Push-Permutation Optimization of Sokoban Solutions

My last few blog posts covered methods for getting push-optimal solutions to simple Sokoban puzzles. Traditional Sokoban, however, operates on player moves. Solvers often reason about pushes to simplify decision-making. Unfortunately, push-optimal solutions are not necessarily move-optimal. For example, this solution is push-optimal but has some very clear inefficiencies when we render out the player moves required to travel between boxes:

Push-Optimal (but not move-optimal) solution for a subset of Sokoban 01

Rendering the same push-optimal solution above with its player moves clearly shows how inefficient it is

Directly solving for move-optimal solutions from scratch is difficult. Rather than doing that, it is common to optimize a given solution to try to find another solution with a smaller player move count. Thus, Sokoban solvers typically find push-optimal solutions, or more commonly some valid solution, and Sokoban optimizers work with an existing solution to try and improve it.

There are many approaches for optimizing solutions. In this post, I’ll just cover some very basic approaches to improve my push-optimal solutions from the previous posts.

Solution Evaluation

Every optimization problem needs an objective function. Here, we are trying to find solutions with fewer player moves. As such, our objective function takes in a potential push sequence solution and evaluates both its validity (whether it is, in fact, a solution), and the number of player moves. The number of player moves is the number of box pushes plus the number of moves to walk to the appropriate location for each push.

All of the strategies I use here simply shuffle the pushes around. I do not change the pushes. As we’ll see, this basic assumption works pretty well for the problems at hand.
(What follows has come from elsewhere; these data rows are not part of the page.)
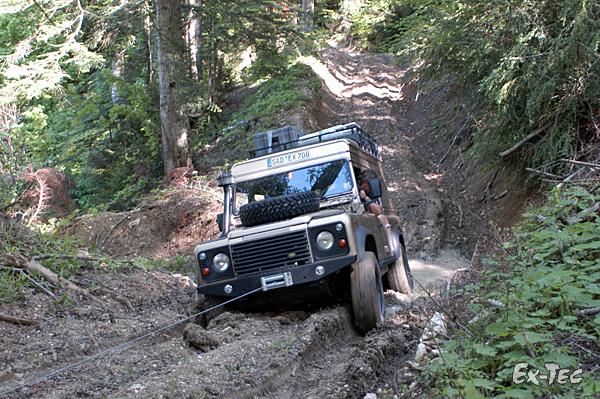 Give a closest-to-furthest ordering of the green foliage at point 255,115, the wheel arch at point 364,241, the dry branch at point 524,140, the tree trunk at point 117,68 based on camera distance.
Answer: the wheel arch at point 364,241
the dry branch at point 524,140
the green foliage at point 255,115
the tree trunk at point 117,68

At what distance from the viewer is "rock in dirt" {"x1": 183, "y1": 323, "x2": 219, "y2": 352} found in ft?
19.9

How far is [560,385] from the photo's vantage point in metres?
3.35

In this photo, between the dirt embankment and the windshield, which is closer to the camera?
the windshield

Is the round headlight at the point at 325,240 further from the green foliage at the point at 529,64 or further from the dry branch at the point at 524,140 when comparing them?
the dry branch at the point at 524,140

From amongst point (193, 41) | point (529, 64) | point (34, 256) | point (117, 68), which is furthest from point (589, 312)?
point (117, 68)

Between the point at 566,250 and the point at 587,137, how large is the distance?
5.03 metres

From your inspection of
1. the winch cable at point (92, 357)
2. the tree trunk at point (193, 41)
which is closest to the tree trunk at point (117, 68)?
the tree trunk at point (193, 41)

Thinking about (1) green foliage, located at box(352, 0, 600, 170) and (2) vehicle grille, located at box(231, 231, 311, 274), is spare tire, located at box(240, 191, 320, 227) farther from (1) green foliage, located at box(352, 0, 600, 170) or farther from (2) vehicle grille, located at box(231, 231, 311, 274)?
(1) green foliage, located at box(352, 0, 600, 170)

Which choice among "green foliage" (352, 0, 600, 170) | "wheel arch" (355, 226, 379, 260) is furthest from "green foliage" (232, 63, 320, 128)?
"wheel arch" (355, 226, 379, 260)

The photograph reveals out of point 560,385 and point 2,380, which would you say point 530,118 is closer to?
point 560,385

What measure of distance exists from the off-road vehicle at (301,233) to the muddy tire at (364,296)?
1 centimetres

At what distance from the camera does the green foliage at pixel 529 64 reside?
867cm

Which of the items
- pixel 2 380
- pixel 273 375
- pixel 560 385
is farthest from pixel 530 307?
pixel 2 380

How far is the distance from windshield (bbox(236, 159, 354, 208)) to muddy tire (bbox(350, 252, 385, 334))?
1353 mm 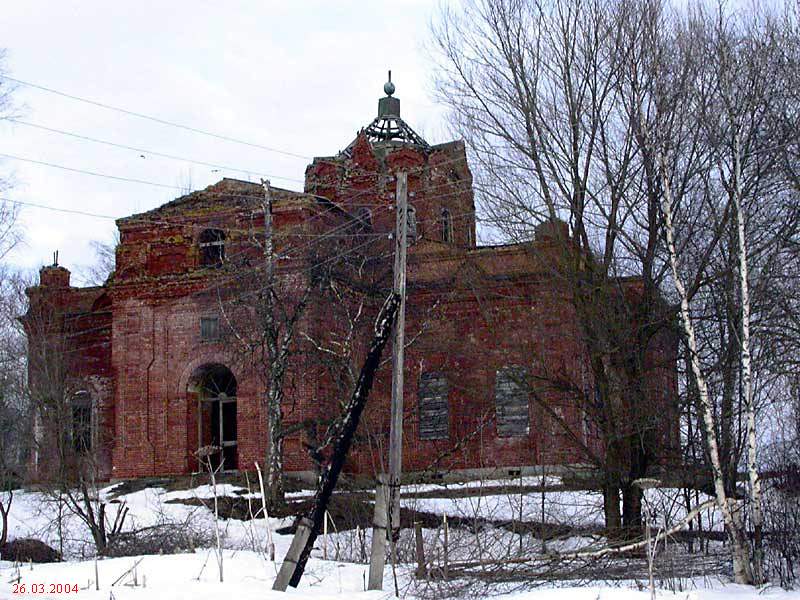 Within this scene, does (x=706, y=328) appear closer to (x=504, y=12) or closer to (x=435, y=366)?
(x=504, y=12)

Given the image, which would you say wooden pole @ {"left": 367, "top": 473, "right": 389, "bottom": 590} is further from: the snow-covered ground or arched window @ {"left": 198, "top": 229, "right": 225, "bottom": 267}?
arched window @ {"left": 198, "top": 229, "right": 225, "bottom": 267}

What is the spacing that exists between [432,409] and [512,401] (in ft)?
22.4

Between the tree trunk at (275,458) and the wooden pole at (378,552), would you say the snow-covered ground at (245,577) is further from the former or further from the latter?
the tree trunk at (275,458)

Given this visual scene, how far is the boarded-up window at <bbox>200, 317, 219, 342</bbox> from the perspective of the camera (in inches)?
1204

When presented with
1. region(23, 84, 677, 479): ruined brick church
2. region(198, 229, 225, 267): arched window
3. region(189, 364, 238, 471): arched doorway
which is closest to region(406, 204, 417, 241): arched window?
region(23, 84, 677, 479): ruined brick church

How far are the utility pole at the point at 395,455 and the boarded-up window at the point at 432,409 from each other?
44.8 ft

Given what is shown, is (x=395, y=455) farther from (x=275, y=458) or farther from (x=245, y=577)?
(x=275, y=458)

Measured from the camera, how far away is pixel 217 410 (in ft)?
105

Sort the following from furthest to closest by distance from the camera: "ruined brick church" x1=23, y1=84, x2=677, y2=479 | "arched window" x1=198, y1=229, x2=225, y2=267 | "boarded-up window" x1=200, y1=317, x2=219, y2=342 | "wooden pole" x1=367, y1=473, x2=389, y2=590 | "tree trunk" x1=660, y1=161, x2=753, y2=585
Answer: "arched window" x1=198, y1=229, x2=225, y2=267, "boarded-up window" x1=200, y1=317, x2=219, y2=342, "ruined brick church" x1=23, y1=84, x2=677, y2=479, "tree trunk" x1=660, y1=161, x2=753, y2=585, "wooden pole" x1=367, y1=473, x2=389, y2=590

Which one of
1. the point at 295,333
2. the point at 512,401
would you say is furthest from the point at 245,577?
the point at 295,333

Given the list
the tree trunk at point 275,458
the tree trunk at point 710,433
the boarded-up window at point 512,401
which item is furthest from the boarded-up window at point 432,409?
the tree trunk at point 710,433

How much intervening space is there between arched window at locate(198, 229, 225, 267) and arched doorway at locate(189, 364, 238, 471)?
11.1ft

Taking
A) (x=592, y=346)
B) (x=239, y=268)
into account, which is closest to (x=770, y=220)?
(x=592, y=346)

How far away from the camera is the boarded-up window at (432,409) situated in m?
28.9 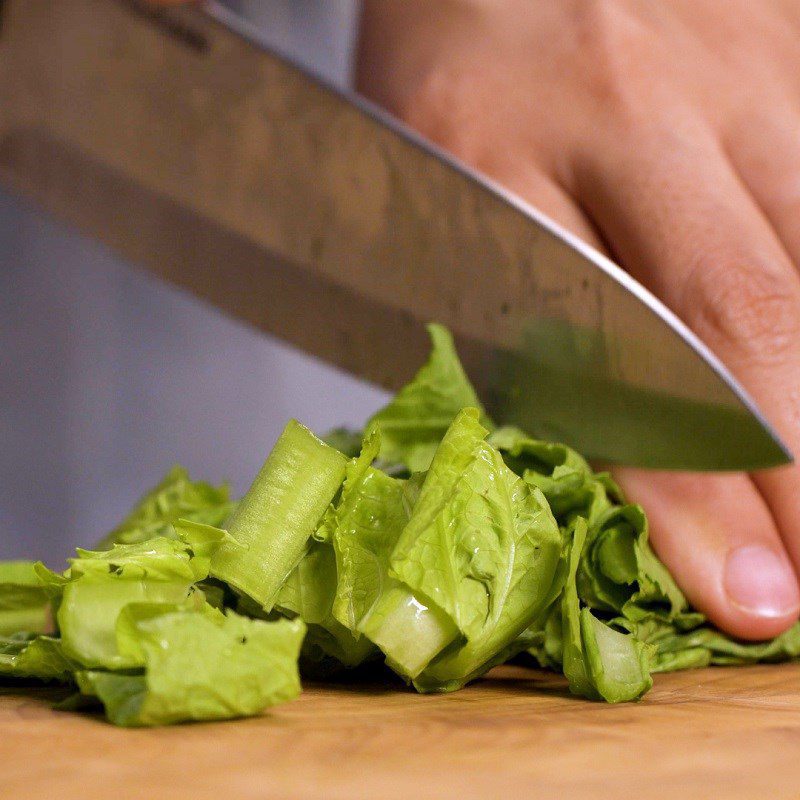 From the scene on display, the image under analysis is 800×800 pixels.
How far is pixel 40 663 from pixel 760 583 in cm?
118

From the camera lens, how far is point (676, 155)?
7.52ft

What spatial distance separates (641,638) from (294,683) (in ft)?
2.27

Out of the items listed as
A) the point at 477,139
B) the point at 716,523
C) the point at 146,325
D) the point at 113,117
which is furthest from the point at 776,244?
the point at 146,325

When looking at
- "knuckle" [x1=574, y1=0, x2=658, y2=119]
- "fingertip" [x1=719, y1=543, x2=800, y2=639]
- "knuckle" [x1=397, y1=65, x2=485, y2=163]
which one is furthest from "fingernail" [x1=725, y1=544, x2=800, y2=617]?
"knuckle" [x1=397, y1=65, x2=485, y2=163]

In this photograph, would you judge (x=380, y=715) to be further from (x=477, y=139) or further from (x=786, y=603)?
(x=477, y=139)

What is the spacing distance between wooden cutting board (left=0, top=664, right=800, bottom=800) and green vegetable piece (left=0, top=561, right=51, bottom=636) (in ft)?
1.06

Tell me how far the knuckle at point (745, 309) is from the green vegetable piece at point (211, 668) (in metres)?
1.16

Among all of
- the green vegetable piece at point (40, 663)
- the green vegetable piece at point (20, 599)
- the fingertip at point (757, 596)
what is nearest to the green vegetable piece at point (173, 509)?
the green vegetable piece at point (20, 599)

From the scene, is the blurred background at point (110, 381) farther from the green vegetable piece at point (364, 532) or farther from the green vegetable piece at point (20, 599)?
the green vegetable piece at point (364, 532)

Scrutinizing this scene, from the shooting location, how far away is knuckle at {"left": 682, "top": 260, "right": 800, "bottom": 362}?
1998 mm

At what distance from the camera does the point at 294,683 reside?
123cm

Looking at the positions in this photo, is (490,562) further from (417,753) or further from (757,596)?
(757,596)

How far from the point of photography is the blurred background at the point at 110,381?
3777mm

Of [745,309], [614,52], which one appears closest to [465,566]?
[745,309] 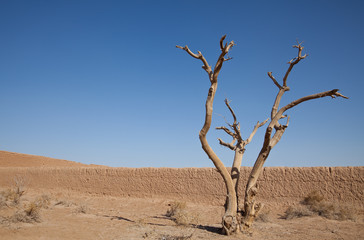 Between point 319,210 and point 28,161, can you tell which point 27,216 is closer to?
point 319,210

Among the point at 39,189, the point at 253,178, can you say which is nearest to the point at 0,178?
the point at 39,189

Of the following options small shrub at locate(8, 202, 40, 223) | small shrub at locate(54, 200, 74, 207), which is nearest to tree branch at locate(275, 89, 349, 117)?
small shrub at locate(8, 202, 40, 223)

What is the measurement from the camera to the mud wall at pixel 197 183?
36.0 ft

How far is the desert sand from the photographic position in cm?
799

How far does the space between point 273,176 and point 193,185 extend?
11.4 feet

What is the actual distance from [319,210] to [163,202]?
637 cm

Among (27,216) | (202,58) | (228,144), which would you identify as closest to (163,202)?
(228,144)

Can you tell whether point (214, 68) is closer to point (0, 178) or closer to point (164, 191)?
point (164, 191)

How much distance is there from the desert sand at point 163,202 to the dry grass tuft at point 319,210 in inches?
7.5

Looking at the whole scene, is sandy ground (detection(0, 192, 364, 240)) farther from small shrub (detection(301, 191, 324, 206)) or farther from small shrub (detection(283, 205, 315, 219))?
small shrub (detection(301, 191, 324, 206))

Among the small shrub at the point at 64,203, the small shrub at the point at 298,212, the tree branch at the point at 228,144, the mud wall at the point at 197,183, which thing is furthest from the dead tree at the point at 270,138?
the small shrub at the point at 64,203

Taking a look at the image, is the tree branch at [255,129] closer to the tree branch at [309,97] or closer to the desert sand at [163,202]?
the tree branch at [309,97]

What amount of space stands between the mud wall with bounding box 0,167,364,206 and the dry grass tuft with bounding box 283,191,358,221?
17.9 inches

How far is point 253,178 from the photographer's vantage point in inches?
300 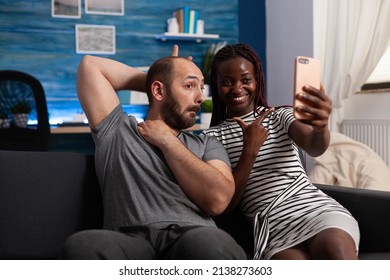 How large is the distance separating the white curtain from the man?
8.48 ft

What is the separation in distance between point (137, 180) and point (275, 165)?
48cm

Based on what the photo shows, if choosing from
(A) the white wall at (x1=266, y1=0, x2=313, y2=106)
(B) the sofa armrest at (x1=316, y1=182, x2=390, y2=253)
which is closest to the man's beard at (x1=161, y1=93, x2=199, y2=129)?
(B) the sofa armrest at (x1=316, y1=182, x2=390, y2=253)

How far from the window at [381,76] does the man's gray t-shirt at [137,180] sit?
2.72m

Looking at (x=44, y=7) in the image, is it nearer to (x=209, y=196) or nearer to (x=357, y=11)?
(x=357, y=11)

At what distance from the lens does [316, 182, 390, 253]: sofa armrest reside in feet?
5.67

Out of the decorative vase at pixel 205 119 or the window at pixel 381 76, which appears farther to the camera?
the decorative vase at pixel 205 119

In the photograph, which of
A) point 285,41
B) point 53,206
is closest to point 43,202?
point 53,206

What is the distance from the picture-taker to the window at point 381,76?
4.14m

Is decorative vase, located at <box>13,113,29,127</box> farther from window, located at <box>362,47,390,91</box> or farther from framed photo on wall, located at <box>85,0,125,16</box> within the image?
window, located at <box>362,47,390,91</box>

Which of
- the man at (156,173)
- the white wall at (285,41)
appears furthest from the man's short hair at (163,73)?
the white wall at (285,41)

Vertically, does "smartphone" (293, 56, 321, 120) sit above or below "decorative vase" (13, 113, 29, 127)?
above

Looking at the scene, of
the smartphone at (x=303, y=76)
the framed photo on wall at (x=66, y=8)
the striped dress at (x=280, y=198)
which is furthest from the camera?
the framed photo on wall at (x=66, y=8)

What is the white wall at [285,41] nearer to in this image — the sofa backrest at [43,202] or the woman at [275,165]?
the woman at [275,165] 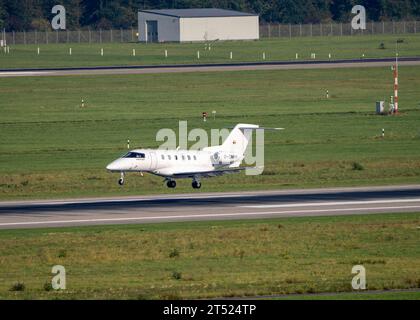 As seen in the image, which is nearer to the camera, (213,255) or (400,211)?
(213,255)

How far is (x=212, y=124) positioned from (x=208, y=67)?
38.6m

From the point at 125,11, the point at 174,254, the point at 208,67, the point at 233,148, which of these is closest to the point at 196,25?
the point at 125,11

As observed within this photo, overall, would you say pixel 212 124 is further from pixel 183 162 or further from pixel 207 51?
pixel 207 51

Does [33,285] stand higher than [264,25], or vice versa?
[264,25]

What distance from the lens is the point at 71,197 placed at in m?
58.2

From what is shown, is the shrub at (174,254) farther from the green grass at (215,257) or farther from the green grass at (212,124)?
the green grass at (212,124)

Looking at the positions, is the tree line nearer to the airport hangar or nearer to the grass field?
the grass field

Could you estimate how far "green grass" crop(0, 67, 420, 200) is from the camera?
63656 mm

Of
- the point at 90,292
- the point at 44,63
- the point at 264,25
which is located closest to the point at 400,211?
the point at 90,292

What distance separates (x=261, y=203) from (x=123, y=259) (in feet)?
49.4

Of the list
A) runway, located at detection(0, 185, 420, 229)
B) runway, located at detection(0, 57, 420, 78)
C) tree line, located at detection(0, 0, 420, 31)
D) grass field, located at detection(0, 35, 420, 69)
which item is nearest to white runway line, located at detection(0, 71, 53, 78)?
runway, located at detection(0, 57, 420, 78)

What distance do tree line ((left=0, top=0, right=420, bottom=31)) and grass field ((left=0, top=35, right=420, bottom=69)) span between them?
74.5 feet

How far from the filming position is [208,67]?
124 metres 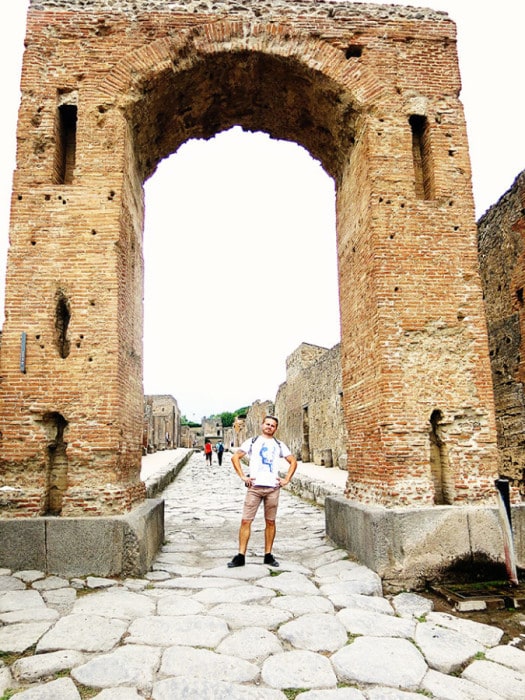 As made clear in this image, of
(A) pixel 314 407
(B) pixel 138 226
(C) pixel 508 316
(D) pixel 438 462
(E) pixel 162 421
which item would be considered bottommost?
(D) pixel 438 462

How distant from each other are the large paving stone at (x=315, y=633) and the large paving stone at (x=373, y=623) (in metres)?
0.10

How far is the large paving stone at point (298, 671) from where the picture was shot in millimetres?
3098

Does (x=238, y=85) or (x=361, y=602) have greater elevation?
(x=238, y=85)

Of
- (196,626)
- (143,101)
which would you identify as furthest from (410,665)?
(143,101)

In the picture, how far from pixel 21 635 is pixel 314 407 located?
1750cm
We thus have a simple constrained optimization problem – to minimize the number of player moves by permuting the pushes in a provided push-optimal solution subject to the constraint that we maintain solution integrity. We can easily evaluate a given push sequence for validity by playing the game through with that push sequence, which we have to do anyway to calculate the number of player moves.

Strategy 1: Consider all Neighboring Box Pairs

The simplest optimization strategy is to try permuting neighboring push pairs. We consider neighboring pairs because they are temporally close, and thus more likely to be a valid switch. Two pushes that are spread out a lot in time are likely to not be switchable – other pushes are more likely to have to happen in-between.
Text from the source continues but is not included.